Защитные механизмы цивилизации. Сперва человечеству не нравилось, что виртуальная реальность не настоящая, и оно пыталось приблизить ее к реальной. Так появились мощные процессоры, изощренные компьютерные симуляторы (игровые и учебные), 3Dформат в кино. Однако на рубеже ХХ–XXI веков тренд сменился: теперь человечество пытается оградить себя от соблазнов виртуальности. В 1995 году американский психиатр Иван Голдберг ввел термин «интернет-зависимость» — фактически виртуальный мир встал в один ряд с героином и водкой. Сейчас существуют всевозможные группы «анонимных игроманов», специализированные клиники и проекты типа «Библиотеки против компьютерных игр». Но серьезных институтов или правовых норм для борьбы с этой угрозой до сих пор нет.

Наркотики

alt

У Кэрролла. Льюис Кэрролл принимал опиум как лекарство, но, были ли романы про Алису написаны под его воздействием, неизвестно. Один из сквозных мотивов в «Алисе в Стране чудес» — героиня что-то съедает или выпивает, после чего с ее телом начинают происходить какие-то изменения либо ей в голову приходят странные мысли. Наконец, имеется мудрая Гусеница, черпающая вдохновение в кальяне. В целом после съеденного или выпитого мир вокруг Алисы становится гораздо интереснее. За неимением технических средств управления виртуальной реальностью викторианская эпоха прибегала к химическим, но Кэрролл предупреждает своих читателей об опасности злоупотребления неизвестными веществами: например, если откусить от соответствующего гриба слишком большой кусок, можно получить массу неприятных последствий в виде шеи высотой с хорошее дерево.

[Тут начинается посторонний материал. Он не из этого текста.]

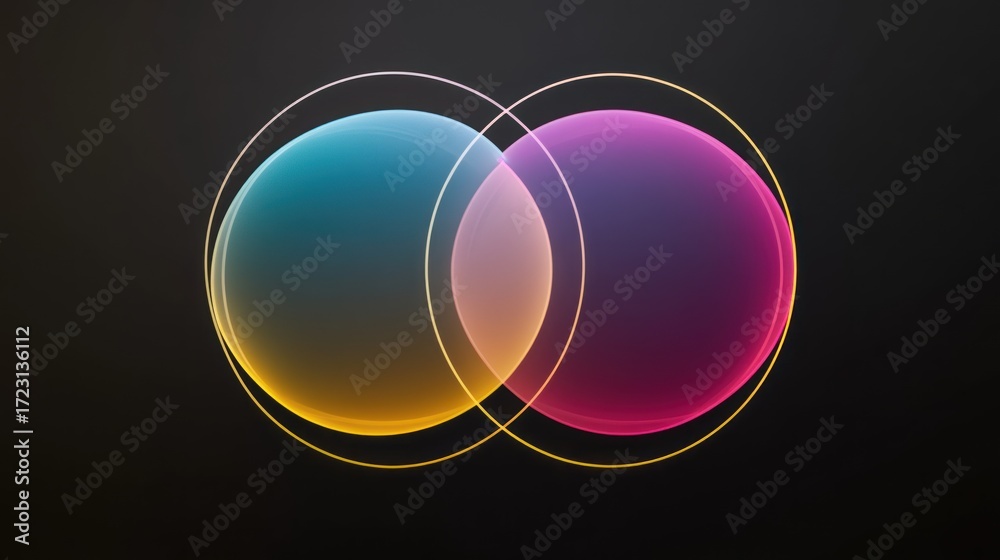 Fototapeta premium Two overlapping circles, vibrant colors, graphic design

В мире. Основными наркотиками тогда были опиум и производный от него морфий; в ХХ веке им на смену пришел сперва кокаин, потом синтетические наркотики и героин. По разным оценкам, в начале 1860х годов в Англии до 5% населения регулярно употребляло опиум или морфий. В США во время Гражданской войны морфий использовался в качестве обезболивающего, в результате чего у сотен тысяч ветеранов появилась наркозависимость. Интересно, что в XIX веке европейцы ввозили наркотики в Азию (Англия и Франция дважды воевали с Китаем, требуя открыть порты для торговли — в первую очередь опиумом), а в ХХ веке наркотрафик, наоборот, идет из Азии в Европу. Опасность и тяжелые последст­вия наркозависимости начинают обсуждаться в 1860х; до этого наркотики окружены романтическим флером и представляются золотым ключиком, отпирающим дверцу в чудесный сад — совсем как в «Алисе».

Защитные механизмы цивилизации. Человечество успело испробовать разные средства борьбы с наркоманией. Некоторые страны разрешают легкие наркотики, считая, что только так можно победить тяжелые. Другие ужесточают законодательство и вводят смертную казнь за наркоторговлю. Кроме того, борьба с наркотиками значительно расширила силовой аппарат современных государств: почти повсюду есть специальные полицейские службы для борьбы с наркоторговлей — в США к этому привлекают даже армию. Российская Федеральная служба по контролю за оборотом наркотиков подчиняется непосредственно президенту.

Потеря самоидентификации

alt

У Кэрролла. Почти каждый встреченный персонаж, от Гусеницы до Пудинга, задает Алисе вопрос, кто она такая, и ставит под сомнение любой полученный ответ. Сама Алиса тоже сомневается: если утром она была нормального роста, потом уменьшилась до трех дюймов, потом выросла до 9 футов, потом снова уменьшилась — осталась ли она собой, Алисой? И как это определить? Кэрролл показывает кризис самоидентификации в действии — Алиса точно знает, кто она, лишь у себя дома в окружении привычных вещей и понятных социальных ритуалов: прогулка со старшей сестрой, сматывание клубка шерсти в гостиной перед камином. Выпадая из этой — довольно условной — системы координат, Алиса как бы теряет себя, иногда даже забывая собственное имя. Впрочем, в этом есть и свои плюсы: она может стать кем угодно. Так, например, в Зазеркалье Алиса демонстрирует чудеса социальной мобильности, за 11 ходов становясь из Пешки Королевой.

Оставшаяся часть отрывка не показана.